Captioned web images
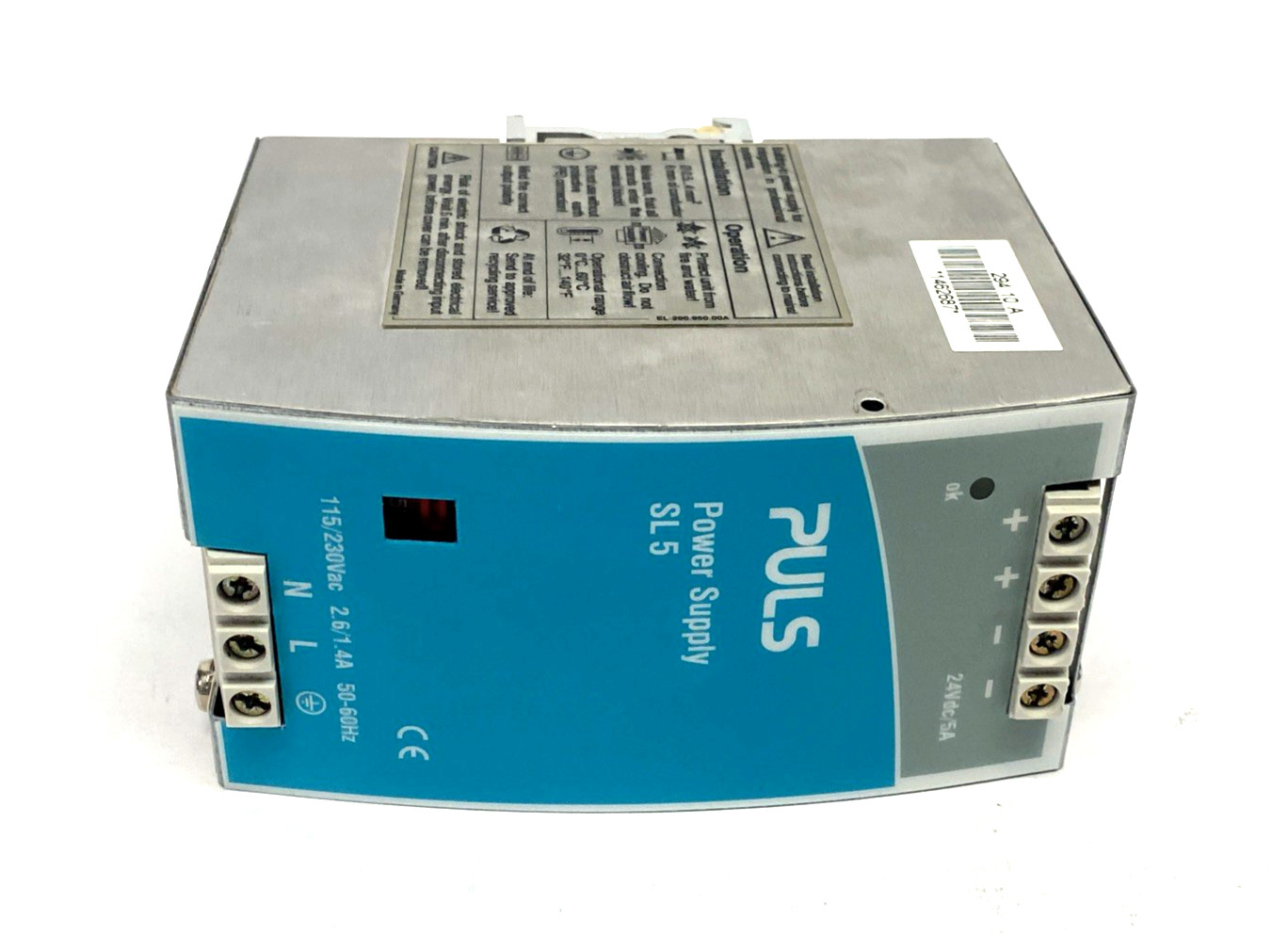 Puls SL5.100 Single Phase DIN Rail Power Supply 115/230VAC 24VDC 5A 120W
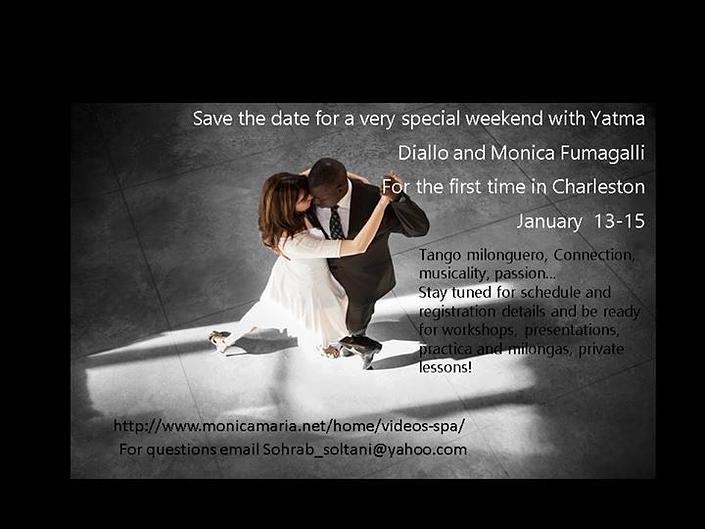 flyer image for Yatma Diallo and Monica Fumagalli Tango workshops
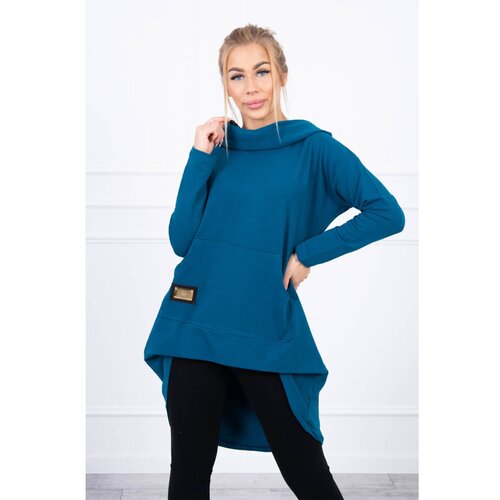 Kesi Sweatshirt with long back and hood marine Slike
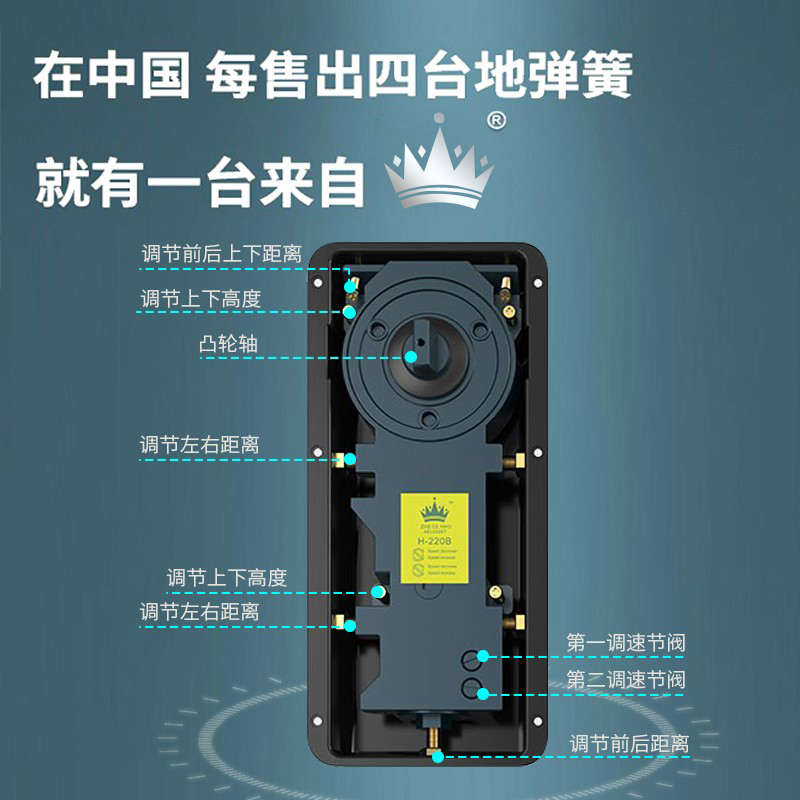 德皇五星H-220B-E地弹簧110KG工程推荐有框无框玻璃地弹门通用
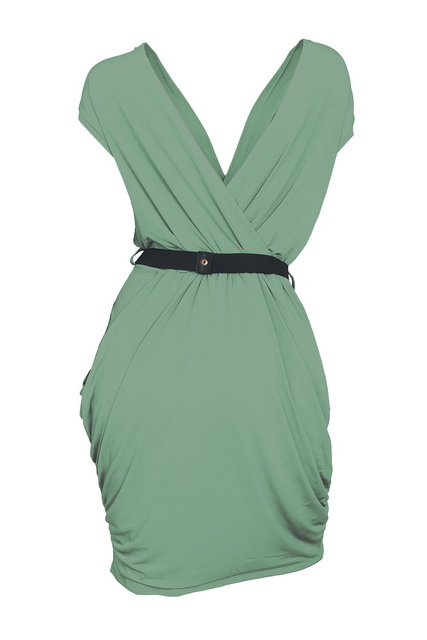 Plus size Deep V-Neck Wrap Bodice Dress Moss Green Photo 2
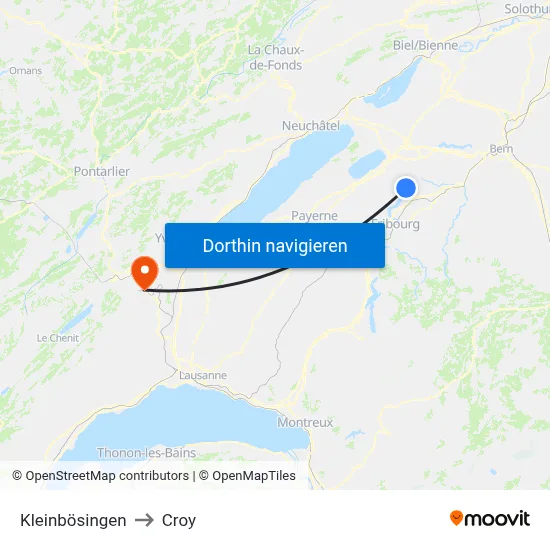 Kleinbösingen to Croy map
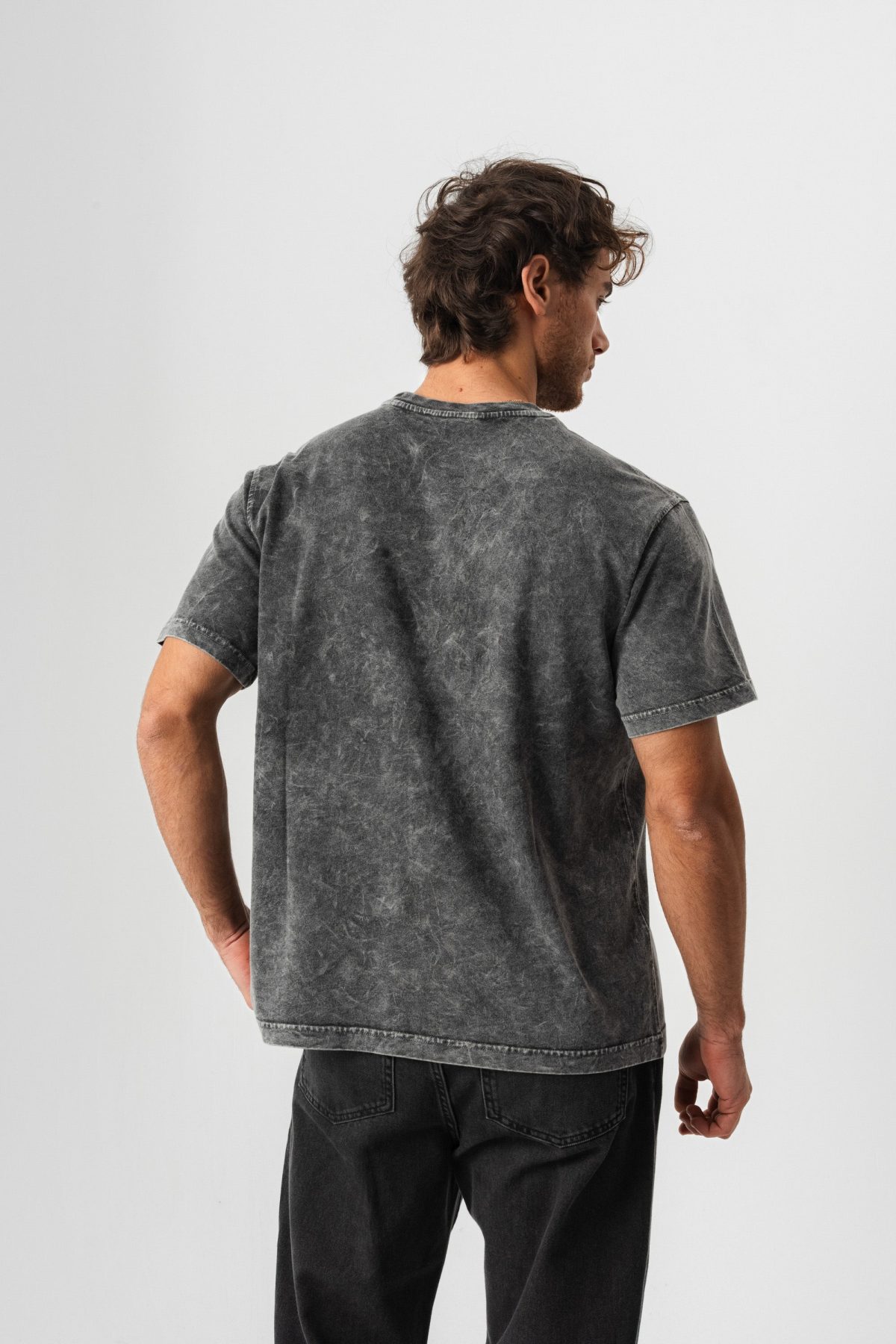 BORZ Yıkamalı Basic T-shirt - Siyah — Siyah (3)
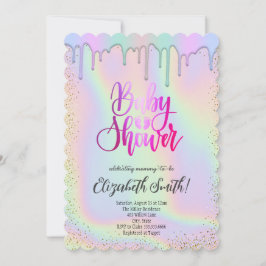 Rose gold, regnbågsfärgade stjärnor Baby Shower  Inbjudningar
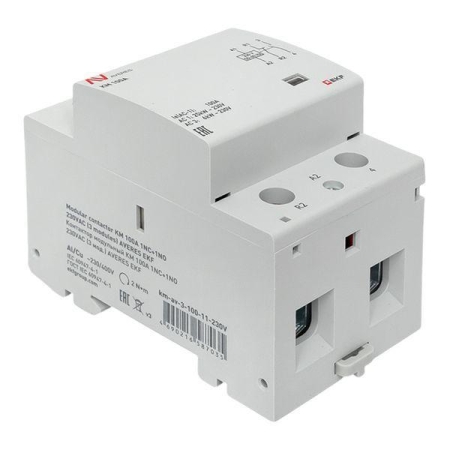 Контактор модульный КМ 100А 1NC+1NO 230В AC (3 мод.) AVERES EKF km-av-3-100-11-230V Контактор модульный КМ 100А 1NC+1NO 230В AC (3 мод.) AVERES EKF km-av-3-100-11-230V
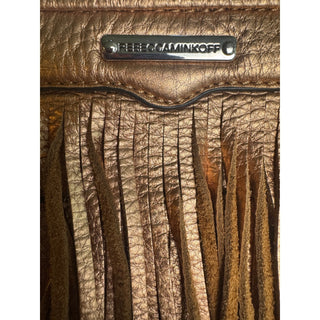 Rebecca Minkoff Metallic Rose Gold Leather Fringe Crossbody Bag Boho Purse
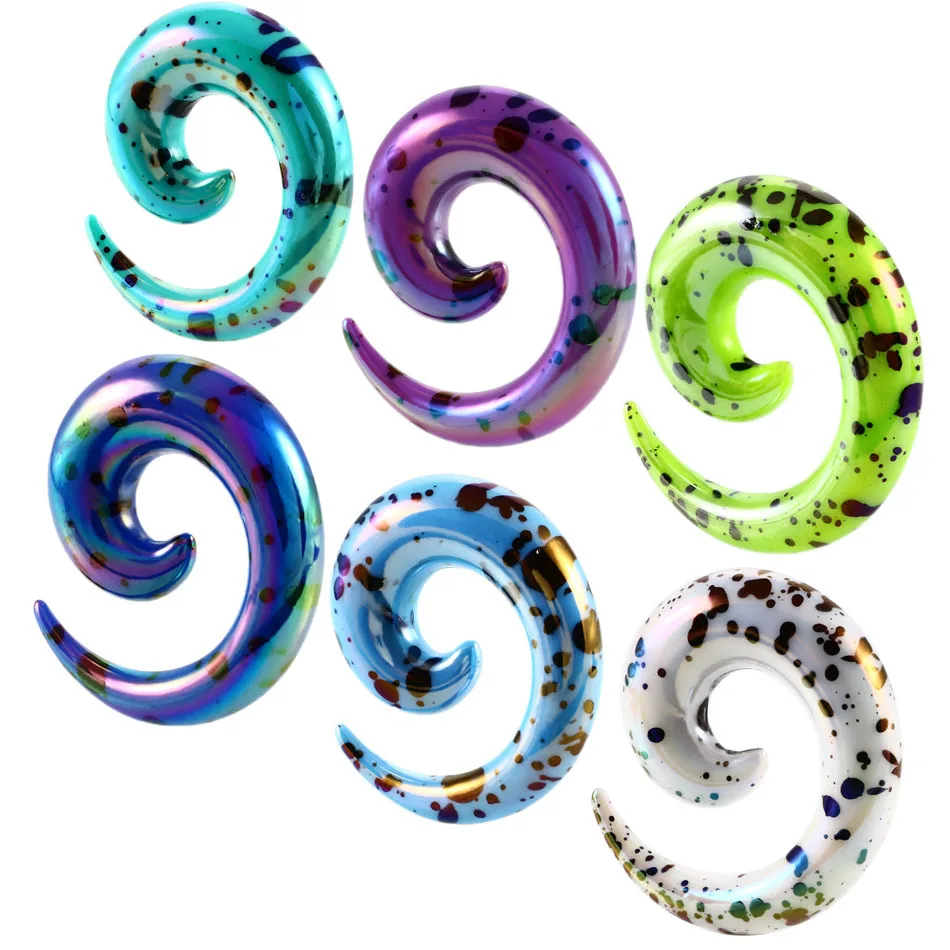 Alisouy Acrylic Spiral Ear Gauges Fake Ear Tapers Stretching Plugs Tunnel Expanders Earlobe Body Piercing Jewelry 2pcs 1.2-20mm Piercing Jewelry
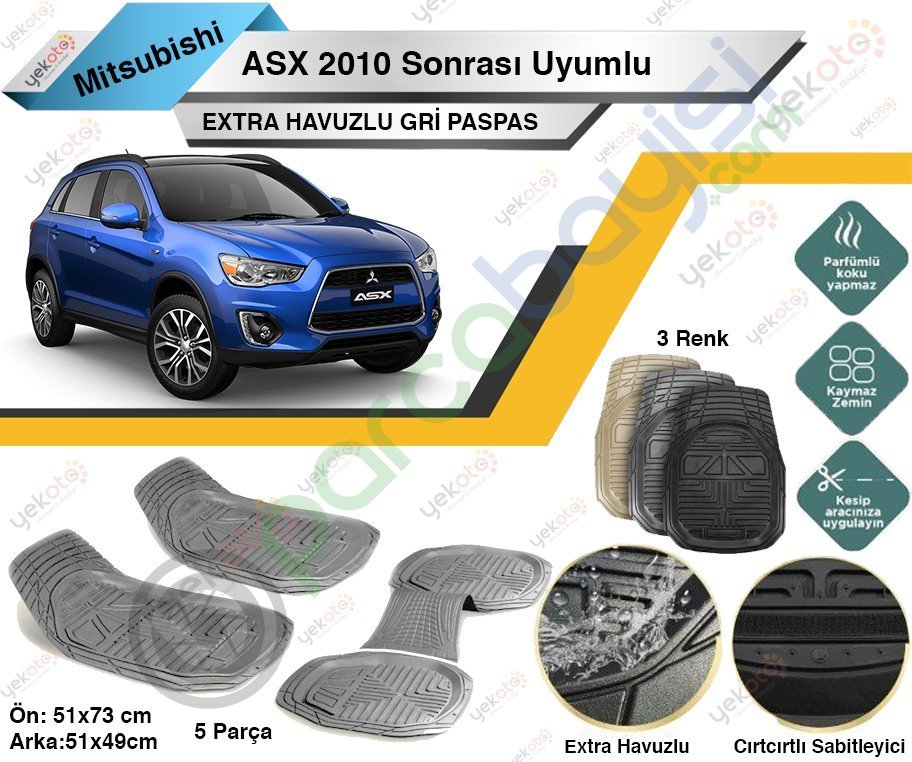 Mitsubishi Asx 2010 Sonrası Uyumlu Extra Havuzlu Kesilebilir Gri Paspas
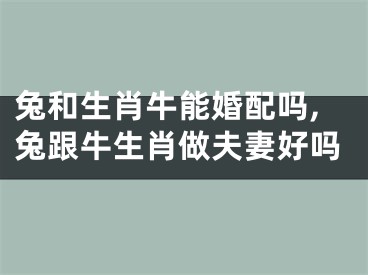 兔和生肖牛能婚配吗,兔跟牛生肖做夫妻好吗
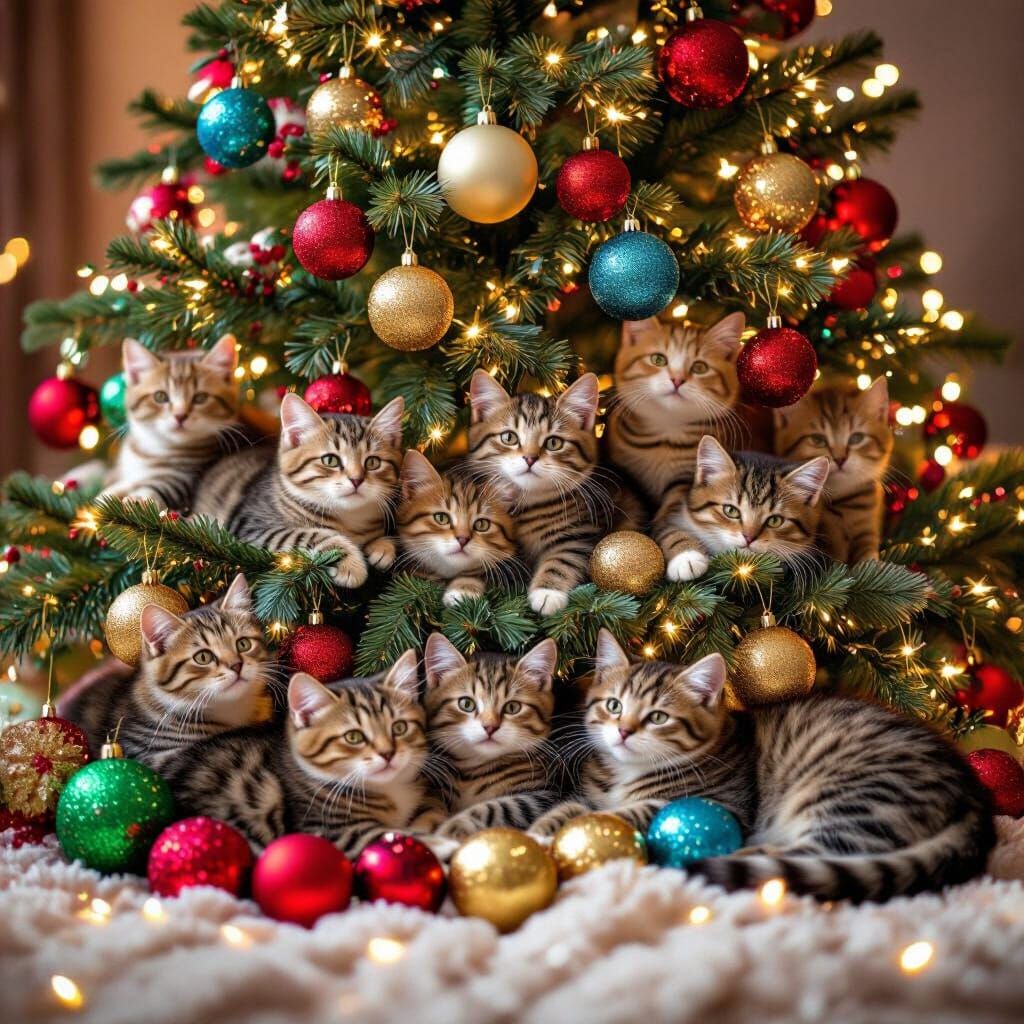 Christmas Tree Filled With Tabby Cats in Realistic Photo Sty...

ABOUT THIS TASK =>
Please repeat the records above exactly, omitting any pictures they contain.

SOLVED EXERCISE =>
 Puls SL5.100 Single Phase DIN Rail Power Supply 115/230VAC 24VDC 5A 120W
 flyer image for Yatma Diallo and Monica Fumagalli Tango workshops
 Kesi Sweatshirt with long back and hood marine Slike
 德皇五星H-220B-E地弹簧110KG工程推荐有框无框玻璃地弹门通用
 Plus size Deep V-Neck Wrap Bodice Dress Moss Green Photo 2
 Kleinbösingen to Croy map
 BORZ Yıkamalı Basic T-shirt - Siyah — Siyah (3)
 Rose gold, regnbågsfärgade stjärnor Baby Shower  Inbjudningar
 Контактор модульный КМ 100А 1NC+1NO 230В AC (3 мод.) AVERES EKF km-av-3-100-11-230V Контактор модульный КМ 100А 1NC+1NO 230В AC (3 мод.) AVERES EKF km-av-3-100-11-230V
 Rebecca Minkoff Metallic Rose Gold Leather Fringe Crossbody Bag Boho Purse
 Alisouy Acrylic Spiral Ear Gauges Fake Ear Tapers Stretching Plugs Tunnel Expanders Earlobe Body Piercing Jewelry 2pcs 1.2-20mm Piercing Jewelry
 Mitsubishi Asx 2010 Sonrası Uyumlu Extra Havuzlu Kesilebilir Gri Paspas
 兔和生肖牛能婚配吗,兔跟牛生肖做夫妻好吗
 Christmas Tree Filled With Tabby Cats in Realistic Photo Sty...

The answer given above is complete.